How can I prevent duplicate messages?

Use the idempotency_key parameter when sending a message. If you send the same request twice with the same key, the API returns the original message instead of creating a duplicate.

See Idempotency for details.

Do you support sending App Clips?

Yes, simply send the App Clip link on its own and it will display normally for the recipient.

Can I send OTP codes through my Linq line?

Linq numbers are P2P iMessage numbers, and are not explicitly designed to deliver that category of messaging. To ensure consistent delivery of OTP codes, we recommend you utilize a traditional SMS provider to handle that function.

How do I send a voice memo?

Call POST /api/partner/v3/chats/{chatId}/voicememo with the audio file. Supported formats: MP3, M4A, AAC, CAF, WAV, AIFF, AMR. Max size: 10MB. Send it alone — voice memos cannot be combined with other message parts.

See Voice Memos for details.

How can I make URLs unfurl into rich previews?

Set the part type to link and send the link alone with no other parts. The URL must include a scheme (http://, https://, or ftp://).
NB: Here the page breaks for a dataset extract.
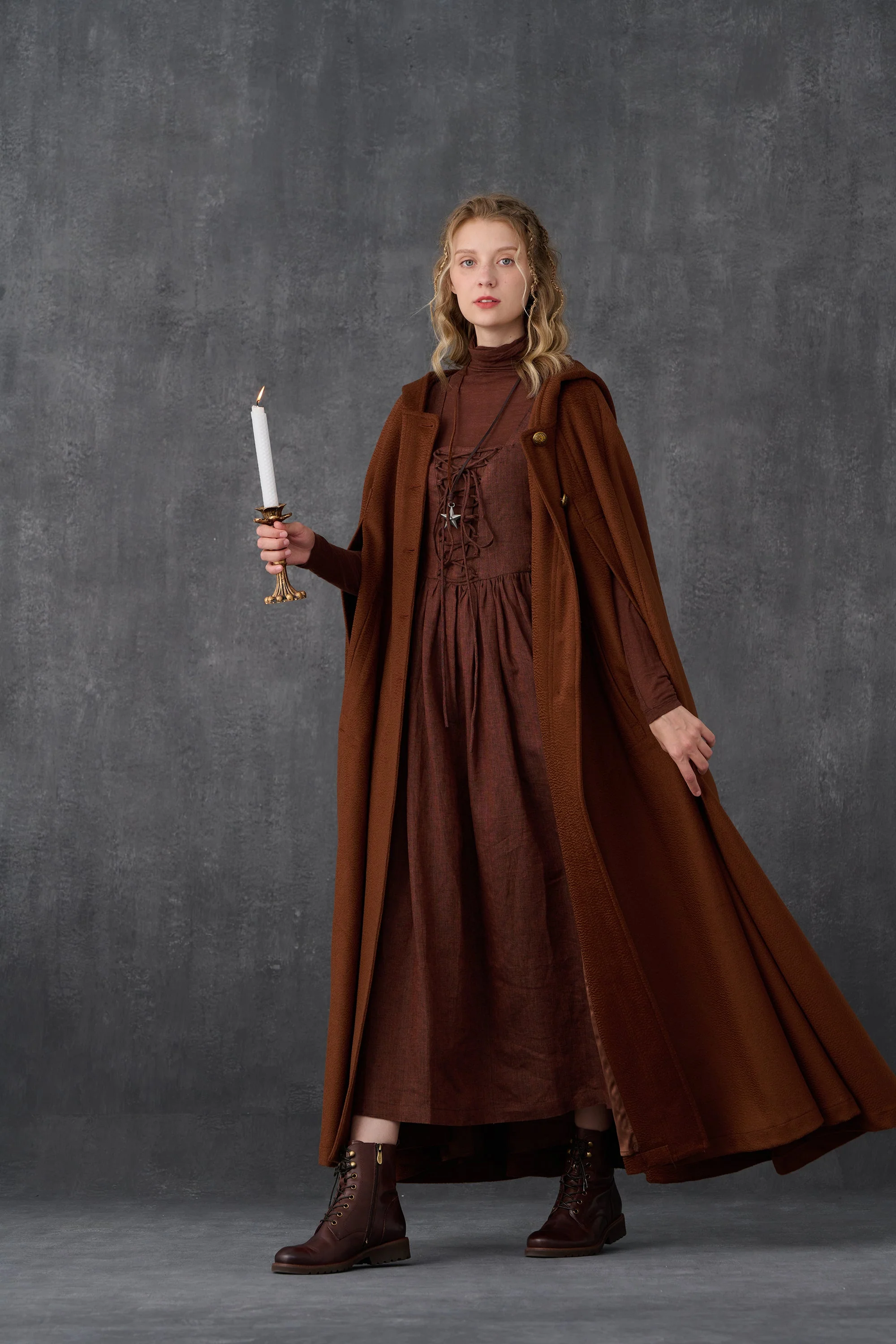 Parini 33 | Maxi Hooded wool cloak coat - Image 9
See Rich Link Previews for details.

What types of files can I send?

You can send images, videos, audio, documents, contacts, and calendar events — either via URL or by pre-uploading via POST /api/partner/v3/chats/{chatId}/messages. Make sure to add cdn.linqapp.com to any domain allowlists.
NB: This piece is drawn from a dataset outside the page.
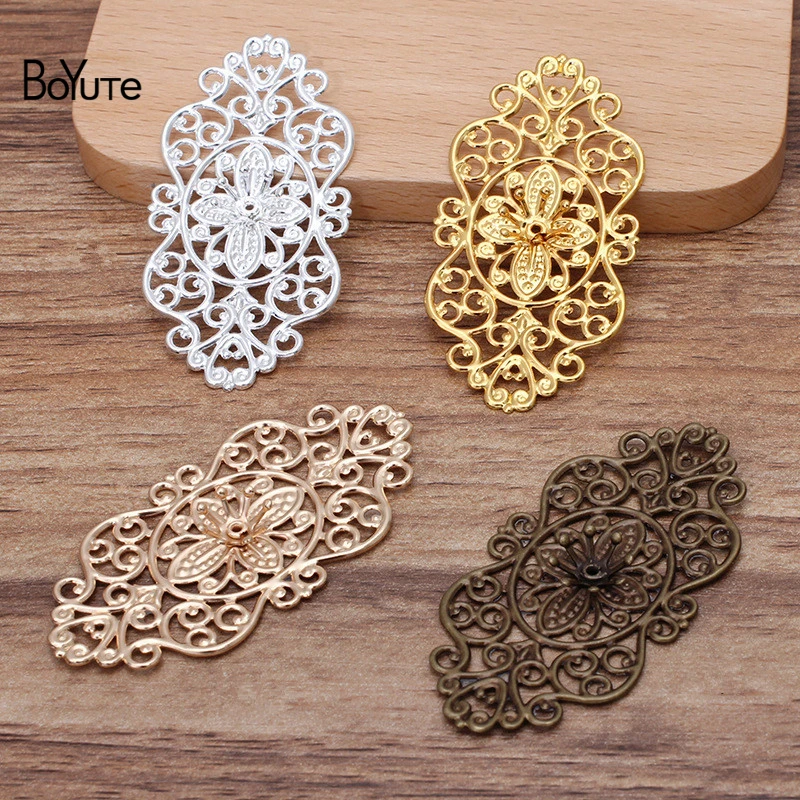 BoYuTe (30 Pieces/Lot) 28*56MM Metal Brass Flower Filigree Fittings Handmade Diy Jewelry Findings Components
See supported file types for details.

Can I leave a group chat?

Yes — call POST /api/partner/v3/chats/{chatId}/leave. The group must have at least 3 participants remaining after you leave. Once you leave, you can no longer access the chat unless an active participant adds you back. Recreating a chat with the same set of participants will create a new, separate chat.

See Group Chats for details.

Can I add or remove participants?

Yes — add participants via POST /api/partner/v3/chats/{chatId}/participants. The chat must already have 3+ participants, and the new participant must support the same messaging service. Remove participants via DELETE — at least 3 participants must remain.

You cannot remove yourself from the group chat — use POST /leave instead. See Group Chats for details.

Why does a removed participant still appear in the chat handles?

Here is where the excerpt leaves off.